What did your life look like before being an entrepreneur?

I was a struggling musician in my 20s, and still in touch with some of my school and college chums who had “proper” jobs and were buying houses, flash cars, and getting married. I couldn’t support myself, let alone other people, and I definitely couldn’t afford expensive possessions or machines.

When my antique Austin finally conked out, I decided to scour the Evening Standard job ads, and one jumped out at me. It said, “Closers Wanted — £1000 a week.”

 I had no clue what a closer was, but I sure wanted £1000 a week. So I called up and went for an interview.

 It was a self-employed sales job for Moben Kitchens, and it changed my life.

As an entrepreneur, what is it that motivates and drives you?

It’s about making an impact – that old cliched “dent in the universe” – and if you have an impact on enough people for enough time, all the riches you ever need will be yours!  

In one word, describe your life as an entrepreneur and explain why.

Freedom. 

I get to choose who I work with, from where, and exactly when. I also get to choose – largely – how much I earn in any particular month or year. 

That freedom is lacking from nearly all conventional J.O.B.s.

 What were your top three motivations for starting your business?

– Freedom

 – Status

 – Money

I guess, although it’s all based on being able to create an impact with my clients, which is the biggest daily motivator for me now. If you don’t get results from the people who are paying you, you have a scam, not a business.  

What do you put your success down to?

No plan B

Need to create a legacy

Sheer bloody-mindedness

Overwhelming desire to be useful

Naturally calm and calming demeanour (Thanks Dad!) 

What would you say are the key elements for starting and running a successful business?

Three Pillars:

1: An ideal client suffering from a big expensive problem, or eyeing a massive transformation goal.

 2: A solution, service, or product that will satisfy either or both of the above.

 3: An ability to make them believe 2: is true by writing or speaking irresistibly.

These are the only elements of a great business. The rest is just fluff. 

Accounts, legals, compliance, admin, bookkeeping, IT, logistics. That’s not business. It’s a mere backroom. 

Of course, you don’t have to show up and DO any or all of that personally, any or all of the time. Automation, Delegation, and Abdication are the 3 stages of scaling. 

What are the three biggest challenges you have faced growing the business and how did you overcome them?

All business challenges can be categorised as a shortfall in one or more of the Three Ss of Success™:

1: Skills

2: Strategy

3: Self-confidence 

I’ve lacked each of those at various times, and my ability to identify which was causing the current problem always put me halfway to solving them. 

Does the loneliness of the entrepreneur really exist?

Hell yeah, it can be lonely, as most often the people closest to you emotionally (family, old friends) don’t “get” what you’re doing or why. 

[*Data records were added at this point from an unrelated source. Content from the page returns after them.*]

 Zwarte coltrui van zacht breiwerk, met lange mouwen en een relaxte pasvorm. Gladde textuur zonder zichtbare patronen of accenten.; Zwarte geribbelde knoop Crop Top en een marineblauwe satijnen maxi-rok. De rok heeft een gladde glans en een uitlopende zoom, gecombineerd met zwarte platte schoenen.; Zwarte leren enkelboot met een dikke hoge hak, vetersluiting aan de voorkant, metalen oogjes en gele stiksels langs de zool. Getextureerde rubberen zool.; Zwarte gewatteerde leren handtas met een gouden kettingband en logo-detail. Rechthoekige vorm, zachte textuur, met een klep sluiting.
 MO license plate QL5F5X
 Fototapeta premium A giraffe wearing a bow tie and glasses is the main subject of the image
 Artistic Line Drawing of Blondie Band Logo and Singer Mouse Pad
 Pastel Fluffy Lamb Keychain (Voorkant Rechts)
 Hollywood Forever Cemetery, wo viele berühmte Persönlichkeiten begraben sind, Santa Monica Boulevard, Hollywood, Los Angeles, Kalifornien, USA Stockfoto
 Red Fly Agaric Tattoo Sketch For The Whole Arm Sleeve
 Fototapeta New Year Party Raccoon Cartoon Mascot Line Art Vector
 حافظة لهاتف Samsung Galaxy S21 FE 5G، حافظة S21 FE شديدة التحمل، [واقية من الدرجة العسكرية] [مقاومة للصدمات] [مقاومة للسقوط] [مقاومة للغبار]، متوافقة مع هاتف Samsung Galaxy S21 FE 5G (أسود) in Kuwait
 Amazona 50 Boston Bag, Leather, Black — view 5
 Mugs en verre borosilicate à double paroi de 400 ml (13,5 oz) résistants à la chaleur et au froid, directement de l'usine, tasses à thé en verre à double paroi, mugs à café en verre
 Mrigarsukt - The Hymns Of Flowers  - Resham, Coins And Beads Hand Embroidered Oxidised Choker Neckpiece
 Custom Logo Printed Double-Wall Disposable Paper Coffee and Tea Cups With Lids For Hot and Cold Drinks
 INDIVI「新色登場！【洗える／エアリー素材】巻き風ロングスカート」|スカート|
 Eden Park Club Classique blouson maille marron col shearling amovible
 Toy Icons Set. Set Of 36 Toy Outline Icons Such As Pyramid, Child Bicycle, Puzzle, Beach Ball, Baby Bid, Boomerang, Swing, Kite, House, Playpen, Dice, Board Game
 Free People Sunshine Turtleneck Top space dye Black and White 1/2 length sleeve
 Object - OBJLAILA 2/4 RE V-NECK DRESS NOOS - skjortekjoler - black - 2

Therefore you’re reduced to only communicating with other people in your business, which can be like an echo chamber with little critical advice or even useful support.

I’ve been careful to involve my family in most of my businesses and have them buy-in, take part and enjoy the experience with me. 

As you grew the business, what have been some of the most important leadership lessons you have learned?

1: Don’t ask anyone to do something you haven’t tried – or at least understood – first.

 2: Try and automate first, before delegating. It’s cheaper and more reliable.

 3: Work quickly to make yourself redundant – you’re not as indispensable as you think.

 4: Don’t be too prescriptive. Smart employees often have better ideas than you.

 5: Ask every day – am I making my team happy to be here, or are they just collecting salary?